**WHAT IS REQUIRED**
Return every entry exactly, except for any pictures.

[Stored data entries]

═══

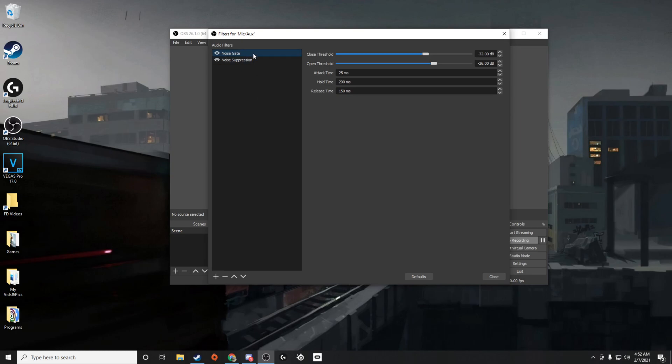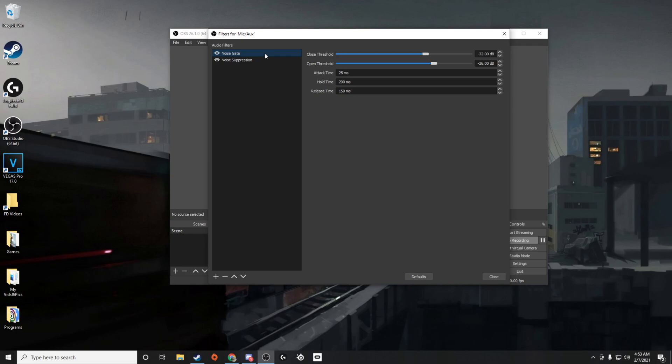I typically leave both of them on, but you might want to remove noise gate depending on whatever your preference is. You can try it with and without them to see how it works. But if your static problem is really bad, then noise gate will also remove the sound of you talking whenever you're not speaking. So it'll help a little bit with the static, but not as much as suppression normally will.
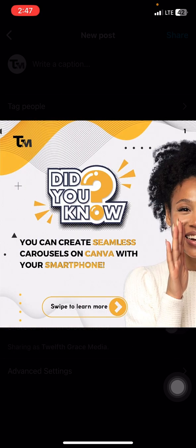That's pretty much it for the video — that's how to design your seamless carousel on Canva using your smartphone. If you find this video helpful, please give it a thumbs up and subscribe to my channel if you haven't. I'll see you in my next video, bye!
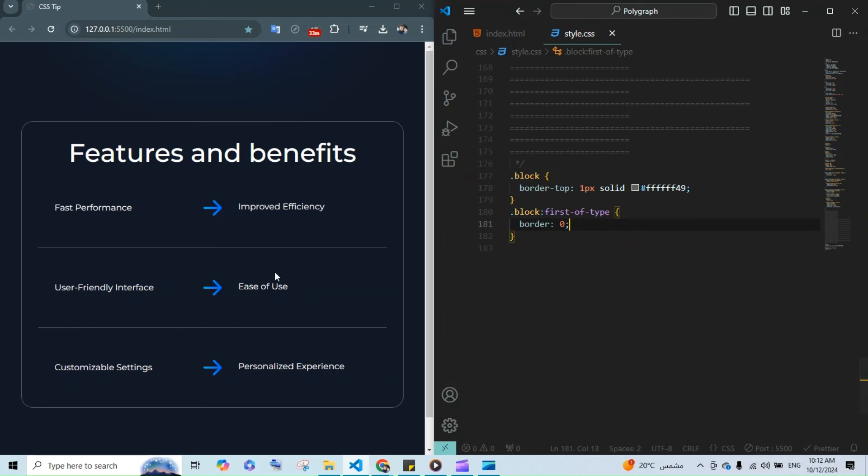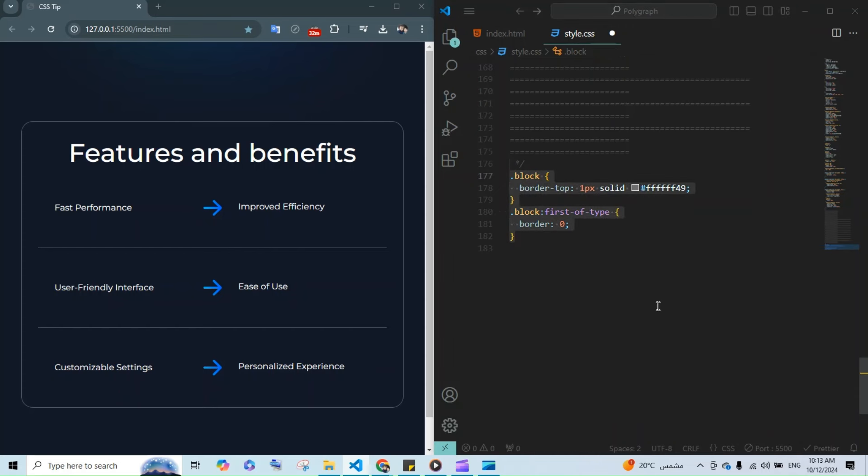There is a cleaner solution. Instead of manually styling each block, you can use the adjacent sibling selector to target only the blocks that follow another block.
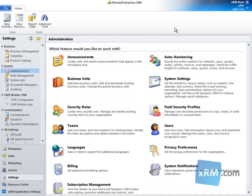However, auto-numbering settings can be customized. This task requires a security role of system administrator or system customizer, or equivalent privileges.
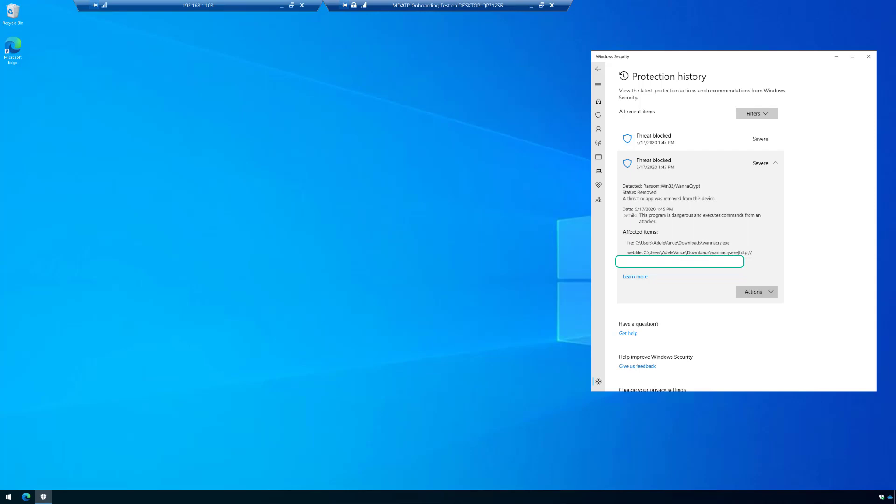Now, again, do not try this. Proceed at your own risk because this is highly dangerous, obviously. But what I want to show you is how having a threat on this machine can actually stop you from accessing corporate resources.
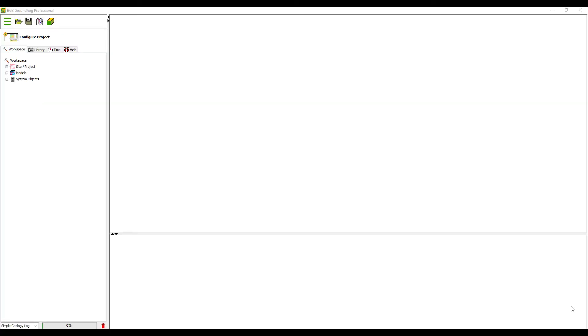Hi, in this video you're going to learn how to use the Excel borehole data entry template for Groundhog Professional, so let's get started.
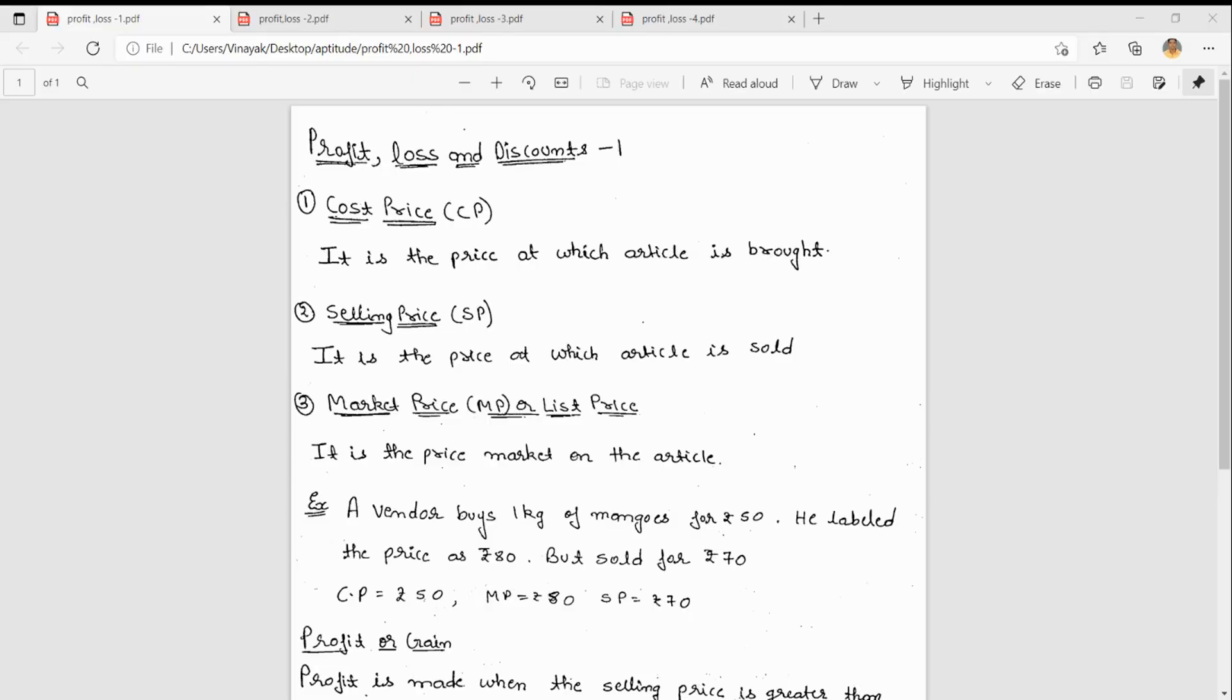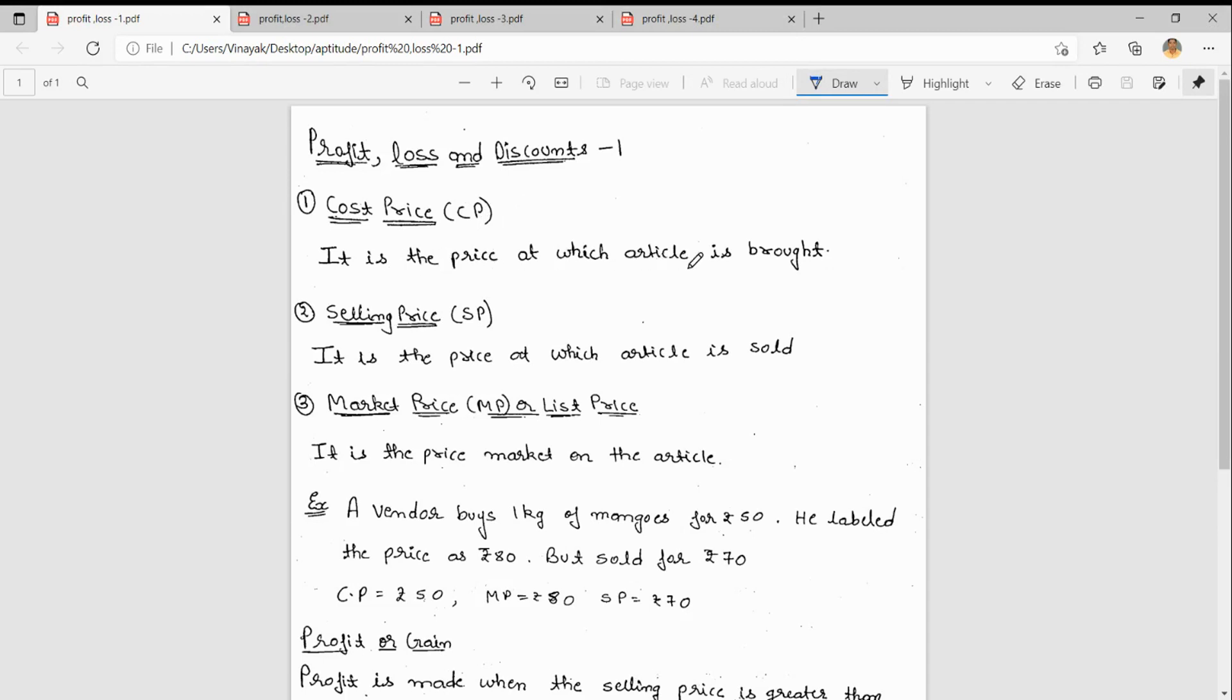Good morning everybody, welcome to Vinayak Education. Today we will start a new topic: Profit, Loss, and Discount. What is cost price? Here we will see some prices. First one is cost price. Cost price is the price at which an article is bought. That is, the shopkeeper is buying at this price.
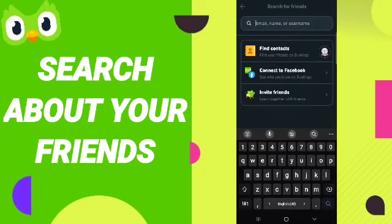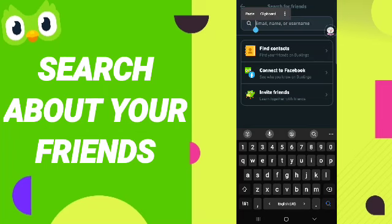In this page, you can click on your email, name, or username. You can write any name, email, or username of your friends in this list to search for your friends on the Duolingo application.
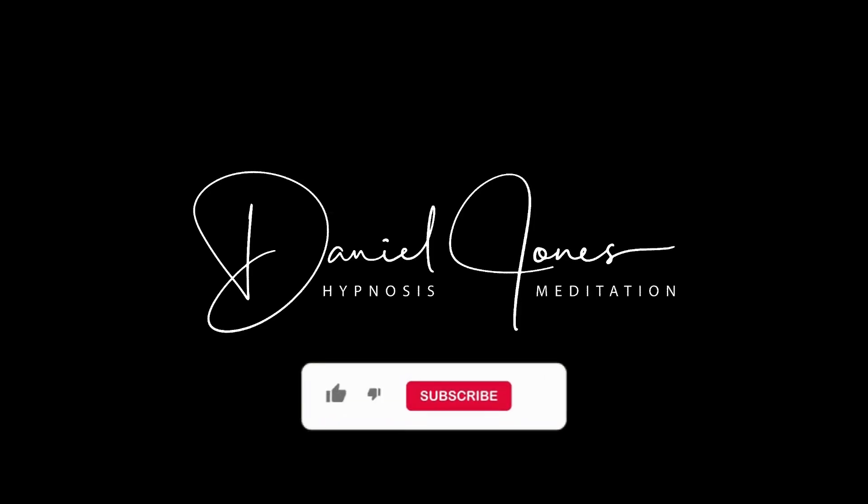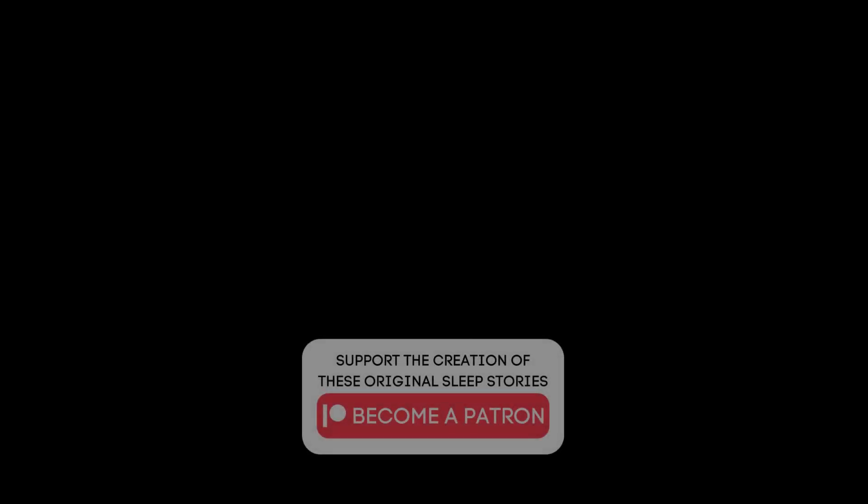If you enjoy this video, please consider giving a thumbs up, it really helps the channel. And if you have any ideas for future videos, share them in the comments section below.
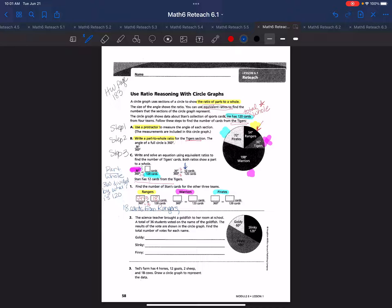Next, the Warriors. Looking at the circle graph, the Warriors section is 198 degrees. So I write a part-whole ratio of 198 degrees over 360. I know the total is 120 cards. 360 divided by 3 is 120, so what I do to the denominator I must do to the numerator: 198 divided by 3 is 66. Stan has 66 cards from the Warriors.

═══

**SOLUTION BELOW**
I typically leave both of them on, but you might want to remove noise gate depending on whatever your preference is. You can try it with and without them to see how it works. But if your static problem is really bad, then noise gate will also remove the sound of you talking whenever you're not speaking. So it'll help a little bit with the static, but not as much as suppression normally will.
That's pretty much it for the video — that's how to design your seamless carousel on Canva using your smartphone. If you find this video helpful, please give it a thumbs up and subscribe to my channel if you haven't. I'll see you in my next video, bye!
There is a cleaner solution. Instead of manually styling each block, you can use the adjacent sibling selector to target only the blocks that follow another block.
However, auto-numbering settings can be customized. This task requires a security role of system administrator or system customizer, or equivalent privileges.
Now, again, do not try this. Proceed at your own risk because this is highly dangerous, obviously. But what I want to show you is how having a threat on this machine can actually stop you from accessing corporate resources.
Hi, in this video you're going to learn how to use the Excel borehole data entry template for Groundhog Professional, so let's get started.
Good morning everybody, welcome to Vinayak Education. Today we will start a new topic: Profit, Loss, and Discount. What is cost price? Here we will see some prices. First one is cost price. Cost price is the price at which an article is bought. That is, the shopkeeper is buying at this price.
In this page, you can click on your email, name, or username. You can write any name, email, or username of your friends in this list to search for your friends on the Duolingo application.
If you enjoy this video, please consider giving a thumbs up, it really helps the channel. And if you have any ideas for future videos, share them in the comments section below.
Next, the Warriors. Looking at the circle graph, the Warriors section is 198 degrees. So I write a part-whole ratio of 198 degrees over 360. I know the total is 120 cards. 360 divided by 3 is 120, so what I do to the denominator I must do to the numerator: 198 divided by 3 is 66. Stan has 66 cards from the Warriors.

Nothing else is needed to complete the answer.